Dried lotus leaves were prepared and total extract was divided into alkaloids and flavones. Eight alkaloids were separated and characterized by a combination of high-performance liquid chromatography, quadrupole time-of-flight mass spectrometry and nuclear magnetic resonance, and assayed by a fluorometric imaging plate reader platform. Human embryonic kidney 239cell lines expressing dched to the nitrogen atom in the aporphine backbone. Armepavine showed a nearly 10-fold selectivity to D2.
In this work, eight alkaloids were isolated from the leaves of Nelumbo nucifera Gaertn. and assayed on the D1 and D2 receptors. They were D1/D2 antagonists with ICvalues in the mid- to low-micromolar range and O-nornuciferine was the most potent alkaloid among the eight. This family of alkaloids was biochemically evaluated on the dopamine receptors by the same platform for the first time.
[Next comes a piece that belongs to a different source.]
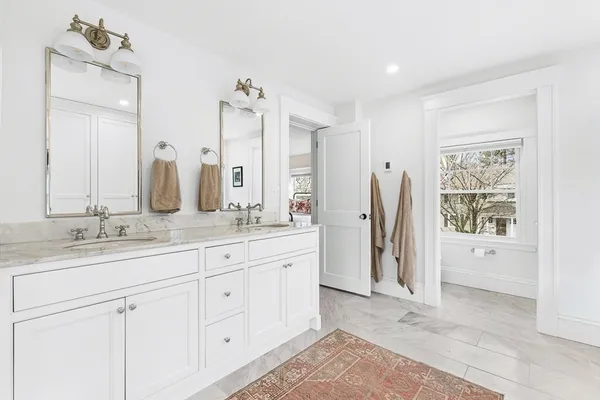 $1,679,000 | 72 Stratford Road, Melrose, MA 02176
In this work, eight alkaloids were isolated from the leaves of Nelumbo nucifera Gaertn. and assayed on the D1 and D2 receptors. They were D1/D2 antagonists with IC50 values in the mid- to low-micromolar range and O-nornuciferine was the most potent alkaloid among the eight. This family of alkaloids was biochemically evaluated on the dopamine receptors by the same platform for the first time.In Italy, recent legislation (Law No. 10/2020) has tuned regulations concerning the donation of one's postmortem body and tissues for study, training, and scientific research purposes. This study discusses several specific issues to optimise the applicability and effectiveness of such an important, novel regulatory setting. Critical issues arise concerning the learners, the type of training and teaching activities that can be planned, the position of academic anatomy institutes, the role of family members in the donation process, the time frame of the donation process, the eligibility of partial donation, or the simultaneous donation of organs and tissues to patients awaiting transplantation. In particular, a universal time limit for donations (i.e., one year) makes it impossible to plan the long-term use of specific body parts, which could be effectively preserved for the advanced teaching and training of medical students and surgeons. The abovementioned conditions lead to the limited use of corpses, thus resulting in the inefficiency of the whole system of body donation.